I have been struggling yesterday and starting to feel a loy of hurt and anger. It must be the impending court hearing tomorrow.

I am supposed to be talking with H today about the possibility of revoking the hearing tomorrow.

I have been so torn, feeling that this is not moral, to put either of us through this.

But last night I got an extremely cool letter from his solicitor. My H is playing tough with this, will see me in court with bells on and intends to fight.

My h has left me, quite simply, emotionally and physically devastated. The last few months have been a living hell. He is now looking less guilty and sheepish, especially around my mother, who is incidentally going back to Oz next Wednesday.

He is so cold and indifferent......no obvious hate or hurt just completely over me, he is in a new life with a new woman and he has left me behind picking p the pieces of my life and my heart with no concern or remorse. I truly do not know wht has happened to the man I married, he is gone, as has my marriage as I knew it.

And it is this very man, this stranger whom I feel has the capability of continuing to destroy my heart directly by coming back freely into the marital home knowing that he has left and is living with another woman.
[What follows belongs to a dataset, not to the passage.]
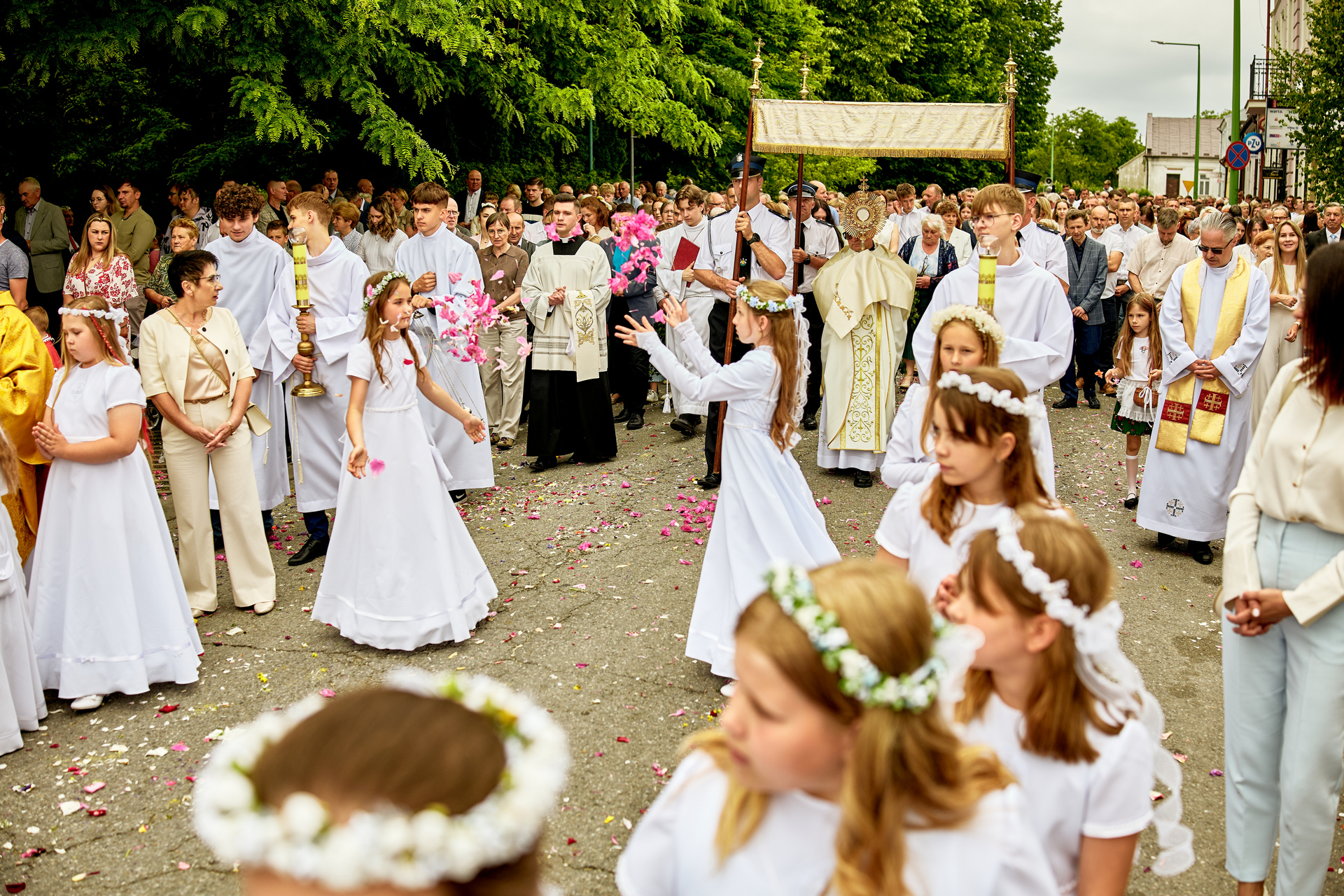 Procesja wiary – uroczystość Bożego Ciała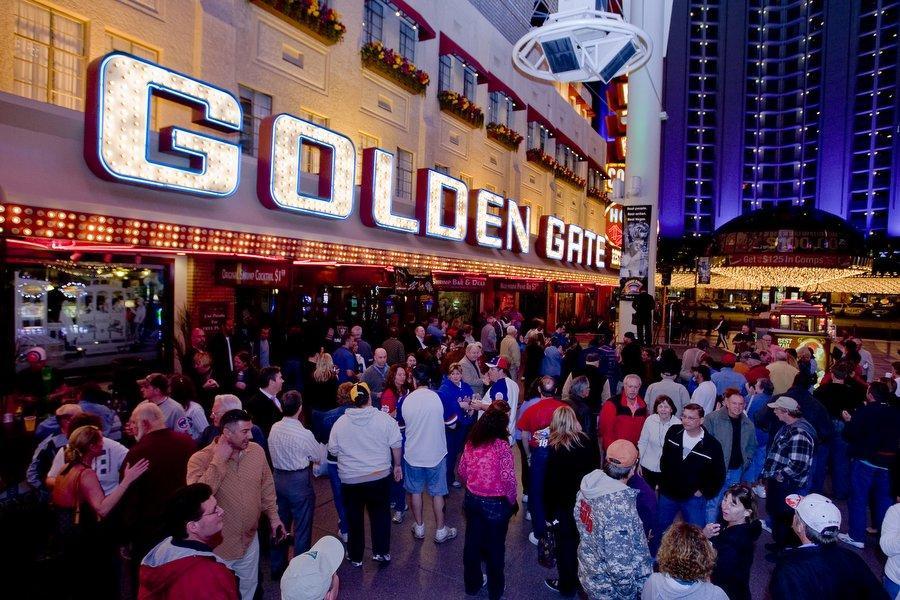 Golden Gate Casino Hotel Las Vegas Bagian luar foto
It is this as much as any isolated incidences that are the reason why I feel the safety order is warranted.

I have lost so much with this man, his family where I live (no form of contact from any of them whatsoever), my sense of my life and my stability, my trust not only in men but also in fairness and kindness towards others.

I feel at a loss to understand how a man who claims to love you then pulls everything away, so cruelly, with no looking back.

I am in grief and it is now in the angry stage..........i deserve so much more......yes i have made mistakes but i am a good person, a faithful person.

would love your ideas, especially about court tomorrow, at this moment i feel as if i should go ahead.......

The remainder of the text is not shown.